On 04/03/2013 10:00 PM, Geert Bosch wrote:

This will be true regardless of communication method. There is so little
opportunity for parallelism that anything more than 4-8 local cores is
pretty much wasted. On a 4-core machine, more than 50% of the wall time
is spent on things that will not use more than those 4 cores regardless.
If the other 40-50% or so can be cut by a factor 4 compared to 4-core
execution, we still are talking about at most a 30% improvement on the
total wall time. Even a small serial overhead for communicating sources
and binaries will still reduce this 30%.
For stage2 & stage3 optimized gcc & libstdc++, I'd tend to disagree (oh yea, PCH generation is another annoying serialization point). Communication kills on things like libgcc, libgfortran, etc where the bits we're compiling at any given time are trivial.

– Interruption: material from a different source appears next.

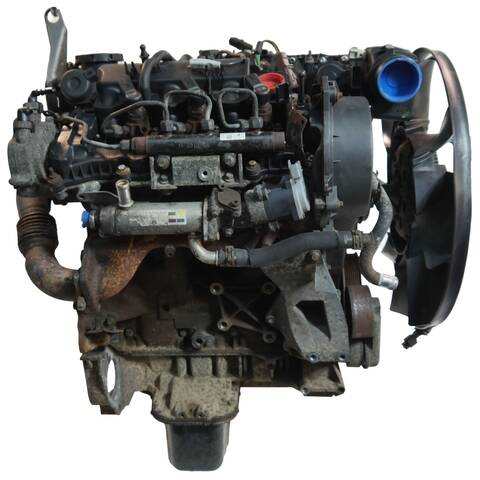 Foto 3ª: Motor Completo Land Rover Discovery TDV6 190 CV 140KW [276DT]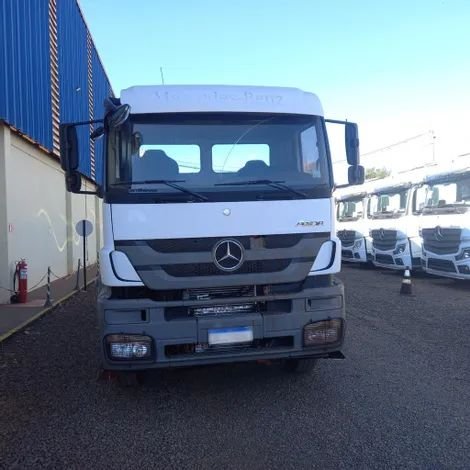 BENZ Axor 3344 ANO 2018/2019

I haven't tested things in the last couple years, but I certainly had to keep the machines roughly in the same class performance-wise. It's a real killer if insn-attrtab.o gets sent to the slowest machine in the cluster.

And having an over-sized cluster allows the wife & kids to take over boxes without me ever really noticing (unless I've got multiple builds flying).


We need to improve the Makefiles before it makes sense to use more
parallelism.  Otherwise we'll just keep running into Amdahl's law.
Can't argue with that. We're still leaving significant stuff on the floor due to lameness in our makefiles.